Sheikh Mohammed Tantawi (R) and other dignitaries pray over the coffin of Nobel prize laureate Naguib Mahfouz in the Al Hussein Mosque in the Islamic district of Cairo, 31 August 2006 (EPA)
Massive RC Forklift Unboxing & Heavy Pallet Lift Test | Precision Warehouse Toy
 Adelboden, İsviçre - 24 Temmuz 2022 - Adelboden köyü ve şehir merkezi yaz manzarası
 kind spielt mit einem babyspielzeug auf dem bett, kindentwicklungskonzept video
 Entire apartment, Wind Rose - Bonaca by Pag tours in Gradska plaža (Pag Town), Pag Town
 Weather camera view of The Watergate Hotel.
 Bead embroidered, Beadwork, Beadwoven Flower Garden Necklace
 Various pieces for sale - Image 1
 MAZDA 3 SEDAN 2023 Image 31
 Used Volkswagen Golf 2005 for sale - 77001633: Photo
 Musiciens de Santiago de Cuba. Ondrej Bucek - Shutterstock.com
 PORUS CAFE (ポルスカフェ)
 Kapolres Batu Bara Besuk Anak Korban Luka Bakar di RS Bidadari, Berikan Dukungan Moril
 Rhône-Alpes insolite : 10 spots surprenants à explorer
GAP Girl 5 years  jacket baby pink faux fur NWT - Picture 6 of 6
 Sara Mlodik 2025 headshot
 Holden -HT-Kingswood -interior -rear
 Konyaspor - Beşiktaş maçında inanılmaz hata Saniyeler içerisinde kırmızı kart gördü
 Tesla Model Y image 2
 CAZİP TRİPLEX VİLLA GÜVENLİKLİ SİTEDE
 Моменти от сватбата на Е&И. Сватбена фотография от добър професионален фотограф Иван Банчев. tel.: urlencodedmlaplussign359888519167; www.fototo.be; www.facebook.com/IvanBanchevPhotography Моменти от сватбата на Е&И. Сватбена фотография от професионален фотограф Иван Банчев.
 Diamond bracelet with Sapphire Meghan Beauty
# # #
# PROBLEM TO SOLVE
All lines above from the one with "MAZDA 3 SEDAN 2023 Image 31" to the one with "Kapolres Batu Bara", inclusive, should be copied exactly, and no other lines.

# RESPONSE BELOW
 MAZDA 3 SEDAN 2023 Image 31
 Used Volkswagen Golf 2005 for sale - 77001633: Photo
 Musiciens de Santiago de Cuba. Ondrej Bucek - Shutterstock.com
 PORUS CAFE (ポルスカフェ)
 Kapolres Batu Bara Besuk Anak Korban Luka Bakar di RS Bidadari, Berikan Dukungan Moril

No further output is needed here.